1. Clone this repository
2. Create environment variables `cp .env.local.example .env.local`
3. Edit environment variables, at least add the DOWNLOAD_URL
4. Run `make download` to get the latest clone of the website.
5. Read usage instructions below

## Usage

This tool is used to scrape data from Drupal Helfi sites. It uses the [Scrapy](https://scrapy.org/) framework to scrape the data.

### Commands

* `make download` downloads latest data for scraping
* `make scrape ` scrapes the downloaded data using given module rules (see below)
* `make list` lists available scrape modules
* `make env` lists env settings as the tool sees them, useful for debugging if the tool does not work
* `make build` re-creates docker image (e.g. when updating python dependencies).

### Normal usage

When I want to use this tool, I normally do the following:

* If I have not run the download command for a while (data updates once per day), I run `make download`
* Copy `app/crawls/custom/_example.py` to a new file in `app/crawls/custom/` folder with a descriptive name
* For example: `cp app/crawls/custom/_example.py app/crawls/custom/list-of-links.py`
* Modify the new file to reduce the files to be searched as small as possible using filename and filecontents patterns
* For example: `regex_content_include_pattern = r'component--list-of-links'`
* Create an CSS selector to match the HTML elements of interest
* For example: `css_selector = '.component--list-of-links a.list-of-links__item__link'`
* This would return all list-of-links links on the site line by line
* Select which attributes to export
* For example: `'url': url,` and `'text': match.get_text().strip(),`
* This would print url as many times there are list-of-links on the site.
* Save my changes to the module file, then run the scrape
* For example: `make scrape custom/list-of-links`
* Check the matches from the command line and from the resulting `app/scraped_data.json` file for any bugs in my filters.
* If `.env.local` file is changed, or `docker/requirements.txt` is updated, run `make build`.
* If you want to share the new `list-of-links` script, copy it to the folder `app/crawls/` and commit it. It can now be run with `make scrape list-of-links`

### Tips

Since scraping takes a while, remember to check the [scraped_data.json](app/scraped_data.json) when you have started your crawl to spot any problems with the output. This way you do not have to wait until the end to see problems and fix them.

To keep the scraping time sane, follow these steps.

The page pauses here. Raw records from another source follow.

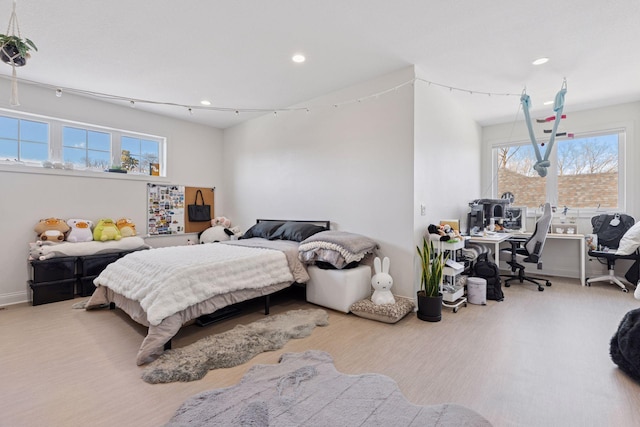 bedroom with baseboards and recessed lighting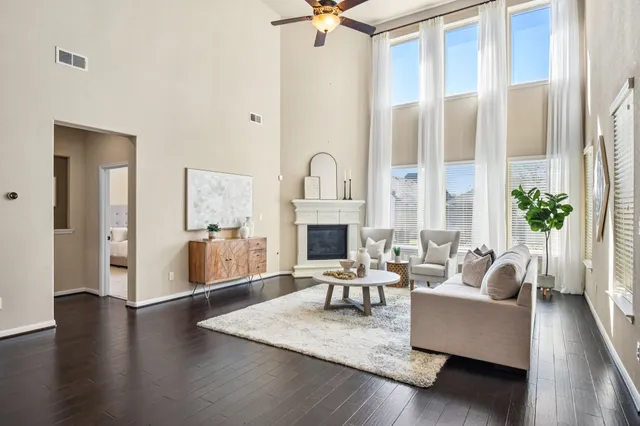 a living room with furniture fireplace and window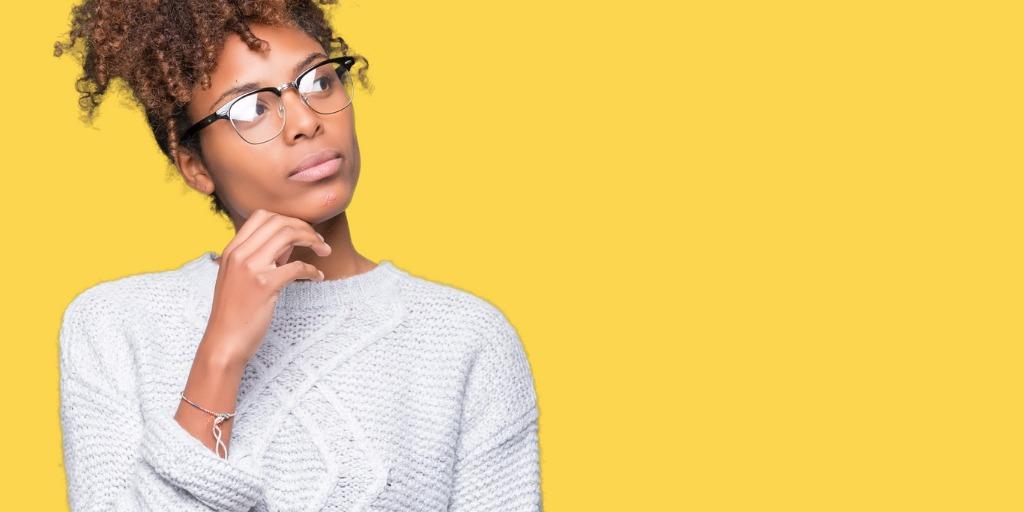 Woman thinking with hand on chin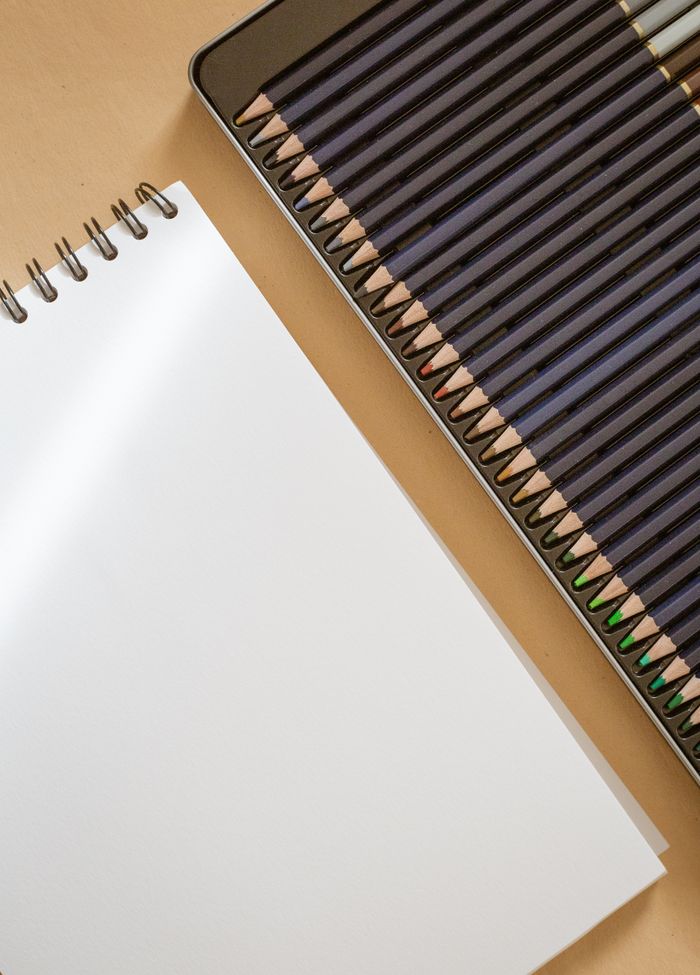 An open sketchbook with colored pencils ready for artistic creativity.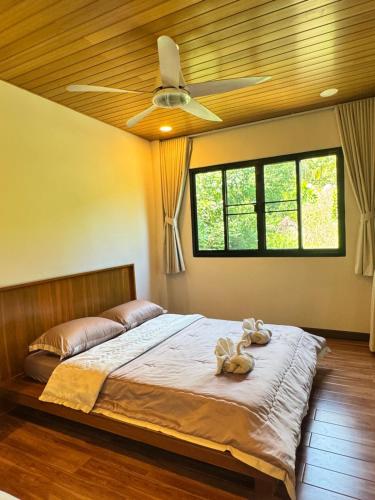 a bedroom with a bed with a ceiling fan at Naruemon in Ban Madua Wan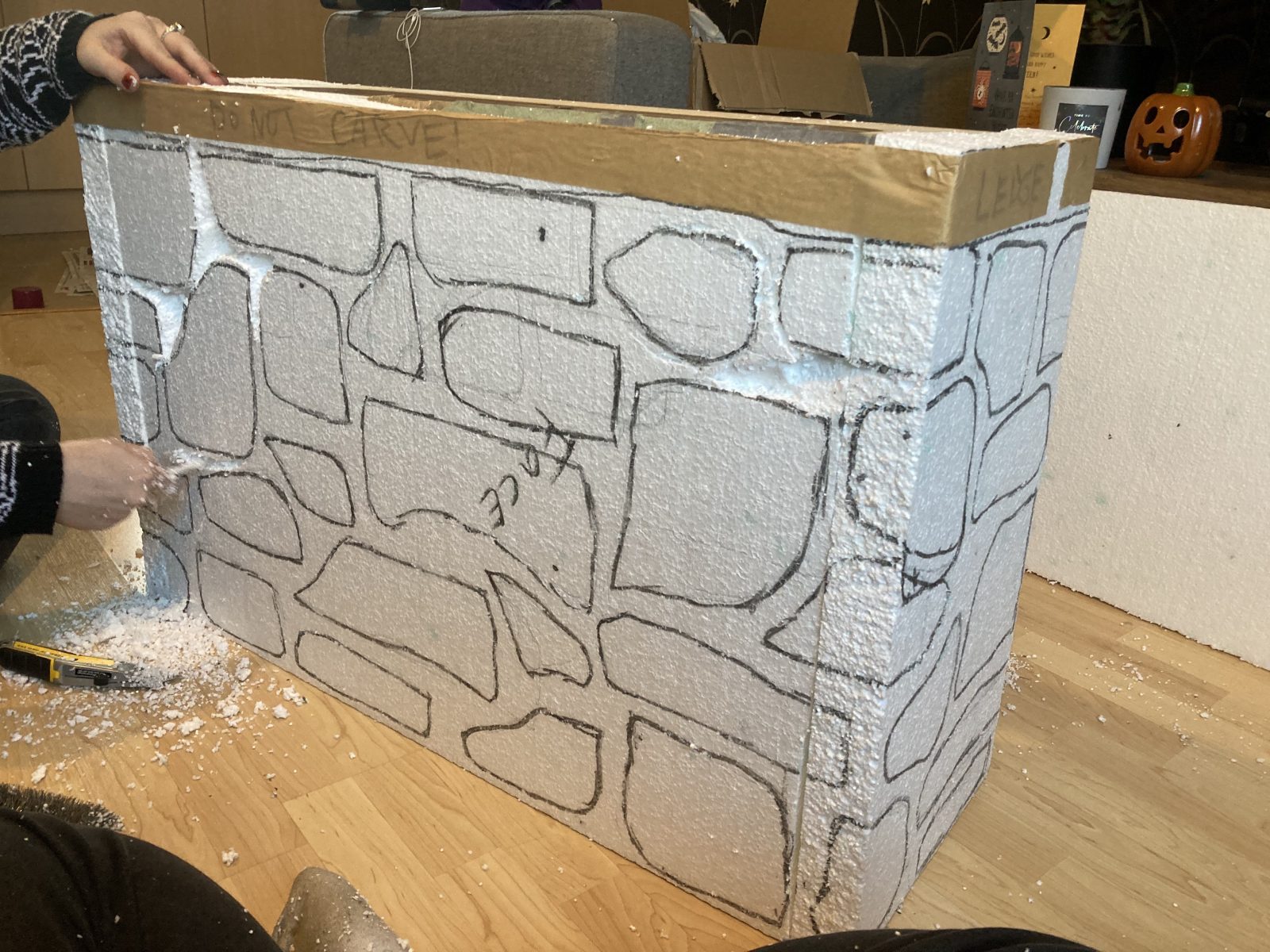 The Hounds of Baskerville - Process photo of the window sill wall, we covered this wooden box in thick polystyrene so we could carve out stones to create a stone wall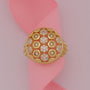 Gold ring with hexagonal pattern on a pink ribbon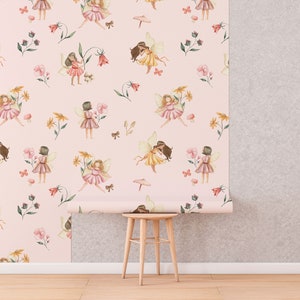 May include: Pink wallpaper with a repeating pattern of fairies, flowers, and butterflies. The wallpaper is rolled up on a wooden stool.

* Filter to use only the language you're interested. `website_path = 'www.hel.fi/fi'`
* Filter only path you're interested in `regex_path_include_pattern = r'\/(uutiset|nyheter|news)\/'`
* Filter out paths that you're not interested in `regex_path_exclude_pattern = r'(illustration_error_page_403_401|illustration_error_page_404)'`
* Filter only files that have certain content, for example the class that you're looking for. `regex_content_include_pattern = r'content-card--design-teaser'`
* Keep the CSS selector as simple as possible.
* Try to save only relevant data to output file so that its size stays sane.

### Notice

* The copy of hel.fi is not perfect.
* It's build by crawling the site and collecting urls while saving.
* It also downloads sitemap.xml files and adds those urls to be crawled.
* It modifies the crawled HTML source, for example, it removes image source variants, basically blocking any queries related to actual image syntax.
* It also modifies the paths to include .html suffix, which I've tried to counter with some code, but not all can be fixed (paging for example)
* Regarding paged content, it tries to crawl them, but it adds an hex code to the end of the filename beyond first page.

### Scrape modules

There are some ready made modules that have answered a question I have had, feel free to use them as an inspiration or as a basis for further exploration.

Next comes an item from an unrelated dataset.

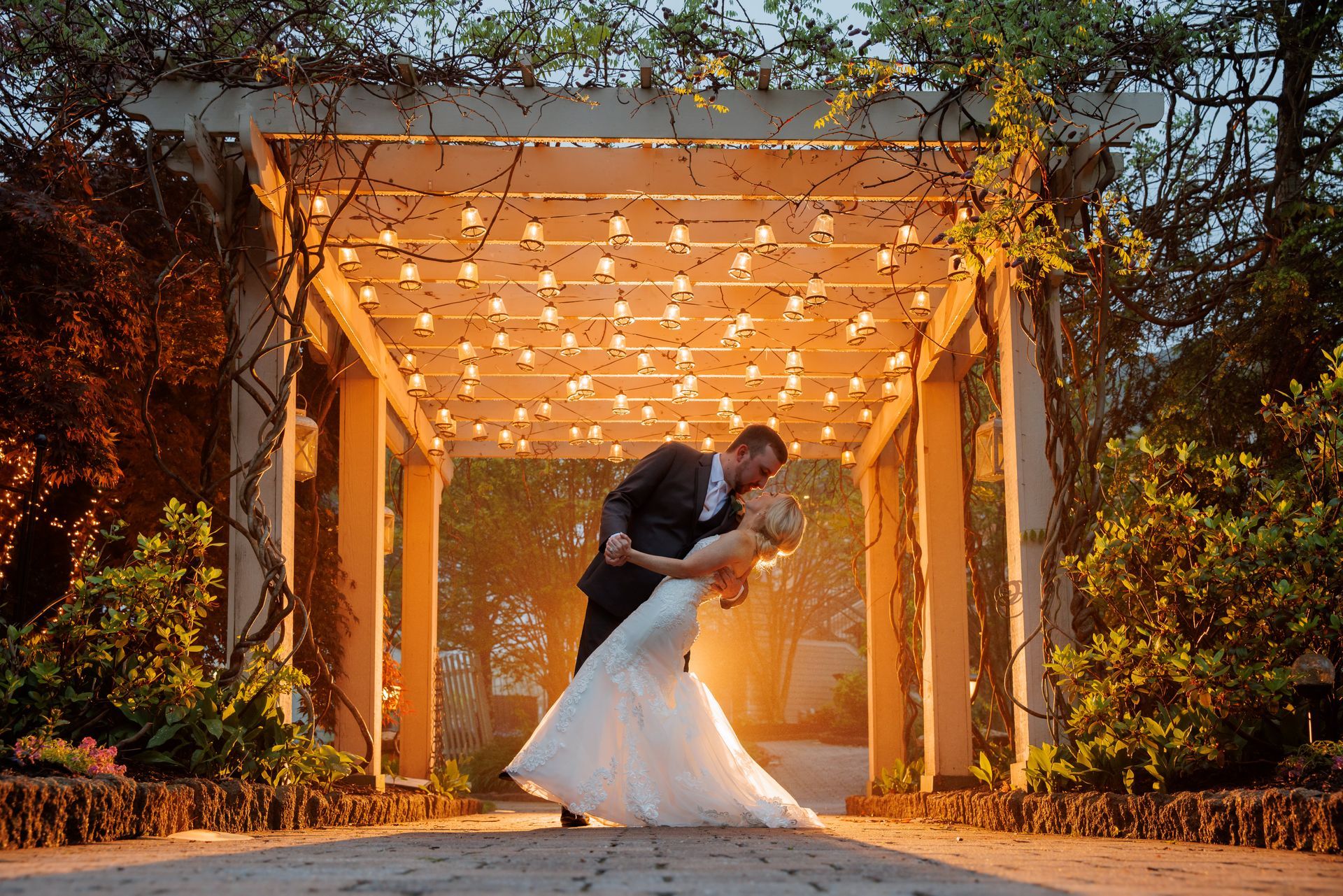Bride and groom dancing under a glowing wooden pergola at dusk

Here's a table of the current modules with their matches and processing time on my machine. These times and matches will probably vary between data date and computer.

The initial step of filtering files based on filename or contents is faster on Linux based Dockers probably due to faster file IO within docker. The scraping is faster on faster CPU. These numbers are from an crappy laptop running Linux.

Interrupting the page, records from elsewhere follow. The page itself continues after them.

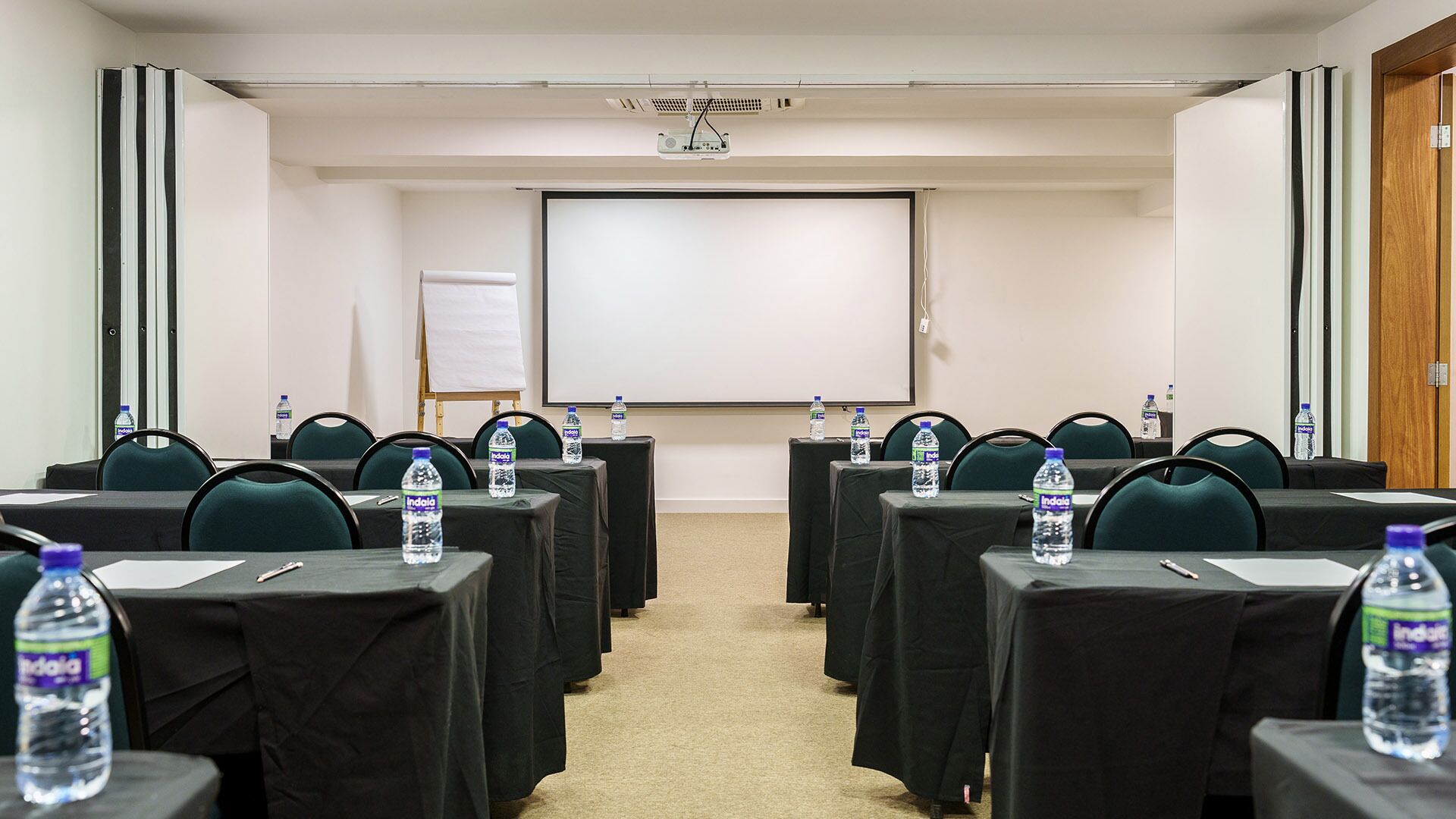 Un salón de conferencias con filas de mesas, sillas y botellas de agua.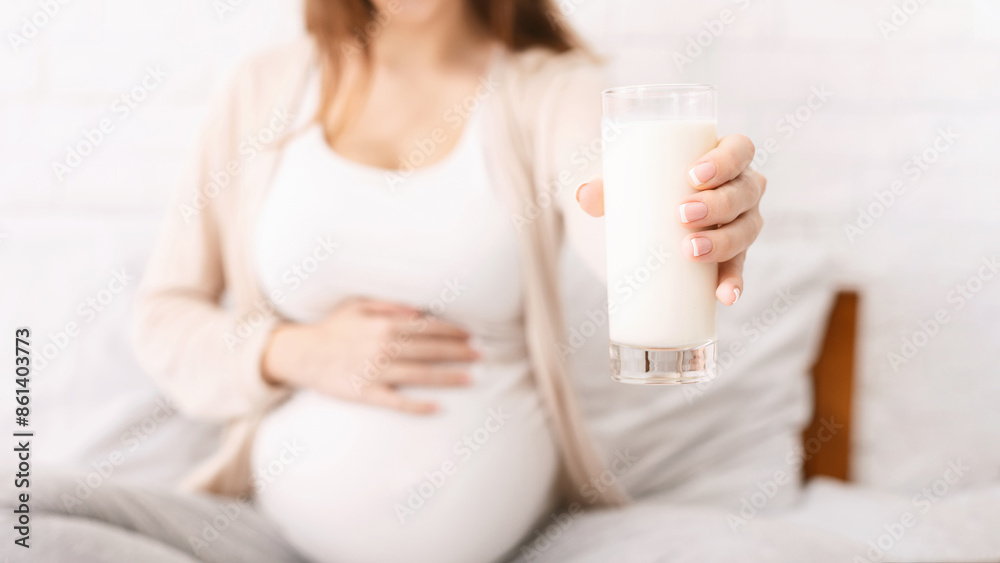 Lactation and breastfeeding concept. Pregnant woman offering glass with fresh milk on camera, conceptual photo Lactation and breastfeeding concept. Pregnant woman offering glass with fresh milk on camera, conceptual photo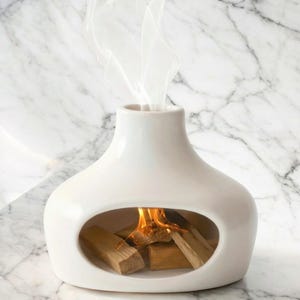 May include: A white ceramic tabletop fireplace with a rounded base and a narrow neck. The fireplace has an oval opening revealing burning wood and flames. Wisps of smoke rise from the top, creating a cozy ambiance.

| Command | Explanation | Time | Matches |
|-----------------------------------|------------------------------------------------------------------|:------:|:-------:|
| `make scrape all` | This command gets urls to all pages, including paged links. | 20 min | 22877 |
| `make scrape all_unpaged` | Same as above, but paging is removed before scraping. | 14 min | 16174 |
| `make scrape alt_original` | How the alt-texts get altered with the photographer information. | 2 min | 3752 |
| `make scrape announcements` | All announcements and their texts | 14 min | 133 |
| `make scrape contact_card_img` | Contact card image styles | 5 sec | 100 |
| `make scrape contact_card` | Contact card person descriptions | 14 sec | 277 |
| `make scrape cross_lang_links` | Internal links that point to another language in text content. | 30 min | 961 |
| `make scrape empty_headings` | Headings with only whitespace | 16 min | 16 |
| `make scrape external_icon` | CKEditor created links with external icon | 7 sec | 2 |
| `make scrape image_caption` | Image caption text content | 6 min | 9320 |
| `make scrape img` | Figuring out all image classes with the exclusion method | 15 min | 1681 |
| `make scrape internal_links` | List all internal links (helps to create vector map) | 18 min | 334196 |
| `make scrape liftup_button` | Liftup with image secondary elements that have button in them | 9 sec | 0 |
| `make scrape news_2023` | List of all news done in 2023 | 2 min | 2074 |
| `make scrape quotes` | All quotes on site | 9 sec | 148 |
| `make scrape rekry_query` | All links to rekry searches | 22 sec | 0 |
| `make scrape splattaprodlinks` | Find potentially broken splattaprod links | 6 min | 614 |
| `make scrape tables` | All pages that contain tables | 17 sec | 559 |
| `make scrape user_edited_content` | All spans in use inside user_edited_content | 23 min | 22371 |